SummaryIn this Learning Path, we learn the basic concepts needed to start studying any country’s economy. Even though the analysis should start by assuming either a closed or open economy, this LP omits such concepts, and gives just the very basic notions required to study macroeconomics.
Gross domestic product (GDP) is the market value of all final goods and services produced within an economy in a given period of time. This means that we take into account the market value of products of a given country, including nationals and foreigners working in that country. This is the main difference with the gross national product, which considers goods produced only by nationals of a country, without considering their residence.

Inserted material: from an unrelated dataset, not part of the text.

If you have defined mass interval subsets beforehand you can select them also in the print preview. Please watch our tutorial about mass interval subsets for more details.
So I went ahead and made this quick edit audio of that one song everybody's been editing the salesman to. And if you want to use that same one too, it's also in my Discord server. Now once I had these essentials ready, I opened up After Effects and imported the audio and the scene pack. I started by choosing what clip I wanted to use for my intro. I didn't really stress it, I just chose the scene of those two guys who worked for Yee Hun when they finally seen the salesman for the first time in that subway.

Note that GDP is calculated over a given period of time, which makes it easy to compare it with other periods or the GDP of other countries. It has also two important implications: goods resold are not considered in the GDP; and goods finalised but not sold are considered as inventory.
We can estimate it using one of three methods. The income approach considers all wages, interests paid, rent and other sources of income to estimate GDP. The production approach estimates gross value and then subtracts intermediate consumption, considered as goods and services used in the making of final goods and services. Finally, there is the expenditure approach, which looks at the demand side.

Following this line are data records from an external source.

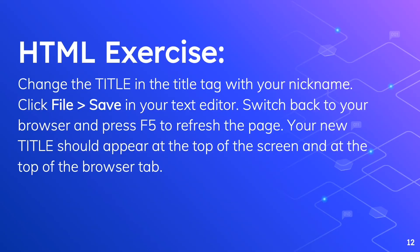For today's exercise change the title in the title tag with your nickname. Click file save in your text editor. Switch back to your browser and press F5 to refresh the page. Your new title should appear at the top of the screen and at the top of the browser's tab.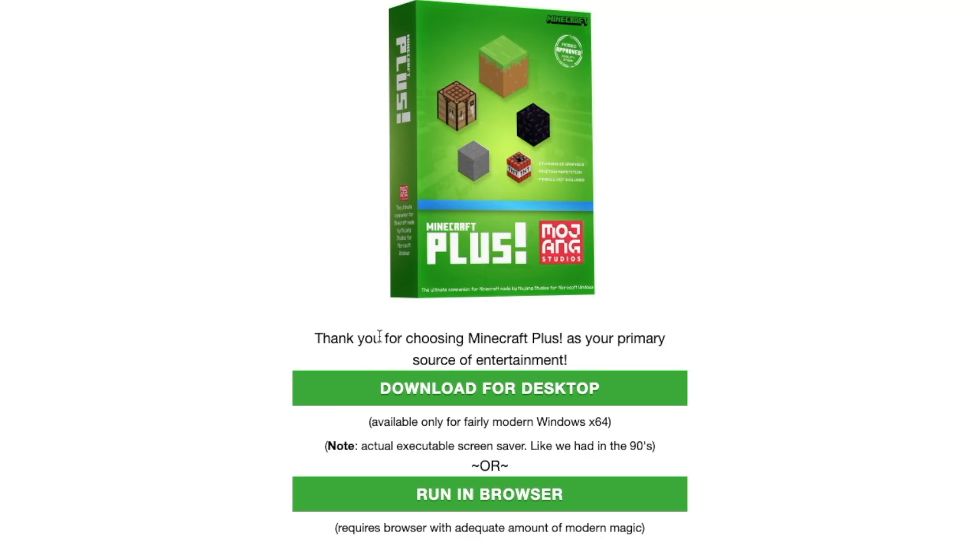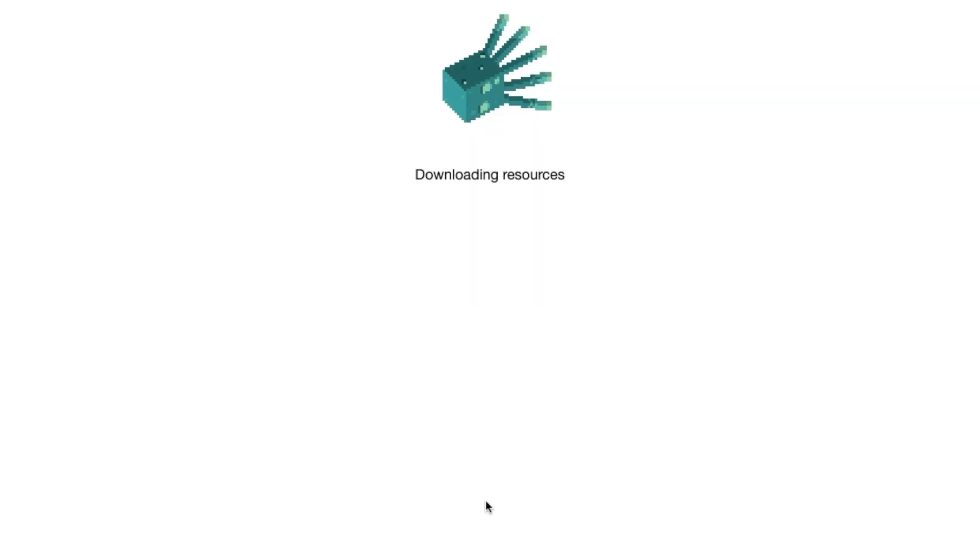Okay, thank you for choosing Minecraft Plus as your primary source of entertainment demo for desktop for fair modern Windows 64. And we're just going to run it in browser. Wow guys, look at this. This is a cave block and then now it's hitting the edge and it becomes a basalt. I think this is like DVD screensaver, right?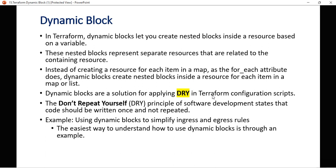DRY stands for 'Don't Repeat Yourself' — a principle of software development stating that code should be written once and not repeated. This principle will be clearer in the next slides when we see a proper security group configuration.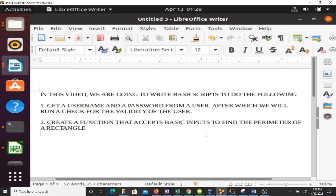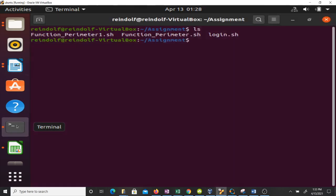Hello and welcome to this tutorial video in our study of scientific computing. We've been learning bash scripting for some time now, and in this video we are going to write bash scripts to do the following. The first script will get a username and a password from a user, after which we'll run a check for the validity of the user. The second task will create a function that accepts basic inputs to find the perimeter of a rectangle.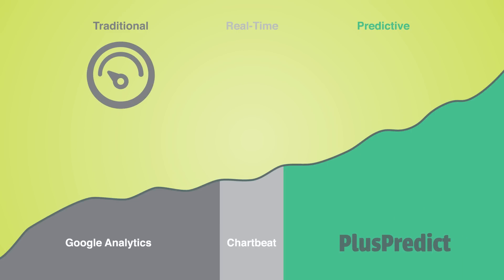Traditional analytics are great for measuring benchmarks, especially if you know how to dig through the data. And real-time analytics are useful for publishers to make tactical editorial decisions.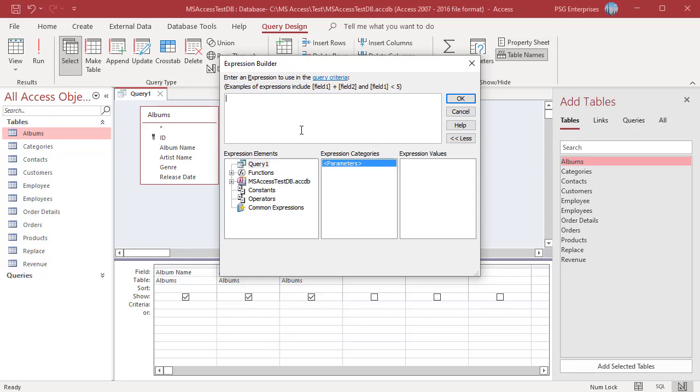In the Expression Elements list, click on an element type to view its categories in the Expression Categories list. The Expression Categories list contains specific elements or categories of elements for the selection you make in the Expression Elements list.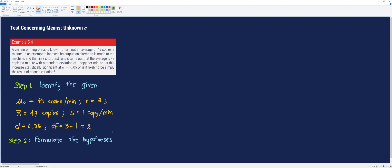The next step is to formulate our hypothesis. Since we want to test whether there is a significant increase in production, our alternative hypothesis is that the population mean is greater than 45 copies per minute. Our null hypothesis is that the population mean is equal to 45 copies per minute, meaning there is no significant difference between the population mean and the hypothetical value.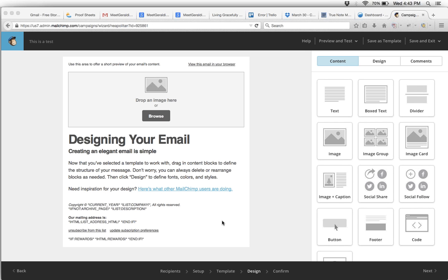If you notice down at the bottom, it says right here 'our mailing list is' and then there's this little code over here.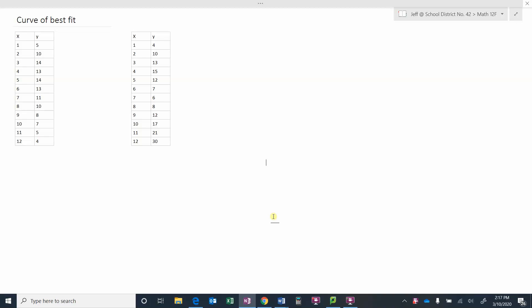In a previous video we took a look at doing a line of best fit, but sometimes our data doesn't really lie in a straight line and maybe we want to use another regression model like x squared, a quadratic, or maybe a cubic.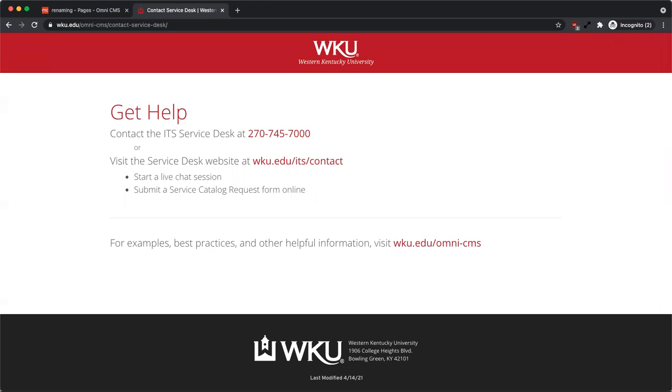For examples, best practices, and other helpful information, visit wku.edu/omni/CMS.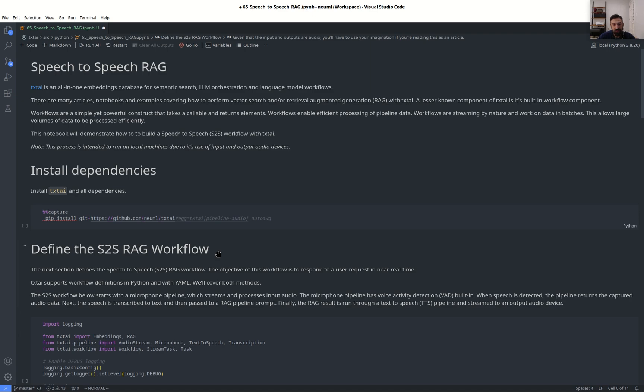Hey guys, Dave Mazzetti here. Today we're going to cover how to build a speech-to-speech RAG pipeline with TextAI.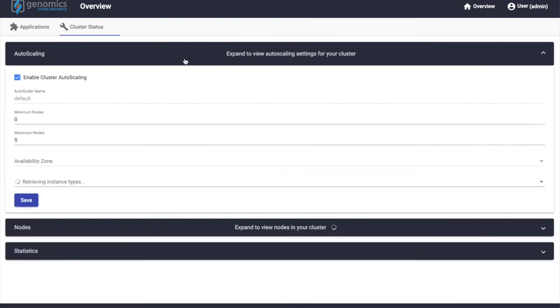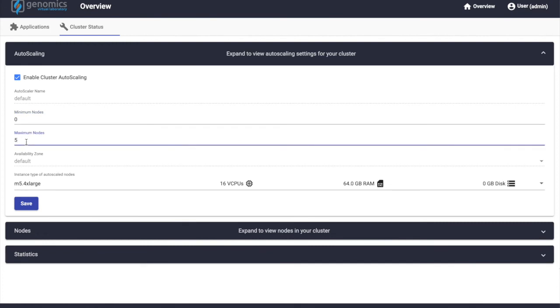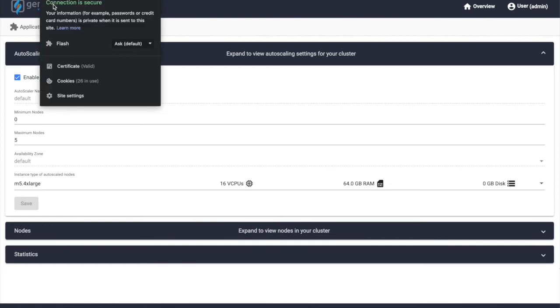Alternatively, we can enable auto scaling, which will automatically scale the size of the cluster between the minimum and the maximum values set based on the current load of the system, also allowing us to choose the virtual hardware type. Each GVL also comes with the option of having a DNS associated with it and with a signed SSL certificate.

The expenditure approach considers total expenditure, considering everyone in the economy, such as households, firms and government. GDP (also denoted as Y, production) can be disaggregated into four big components that classify the nature of the expenditure. These components are consumption (C), investment (I), government spending (G) and net exports (NX). With all these variables we can define the following identity:
Y = C + I + G + NX
Any amount of money spent in an economy can be classify into one of the four components of the identity, taking into account the nature of the product, the buyer and the purpose of the spending.
The evolution during the years of a country’s GDP shows the performance of its economy. When GDP is bigger year after year, we can consider it as a sign of a growing economy. Inflation must be considered when analysing gross domestic product, in order to differentiate nominal and real GDP. Nominal GDP considers only current prices, while real GDP is calculated using prices of a base year, in order of eliminate the effects of inflation
Additionally, if we look at the GDP per capita, dividing the GDP between that country’s total population, we can compare the living standards among countries. However, this measures does not completely represent the welfare of a country’s population, since other things must be taken into consideration.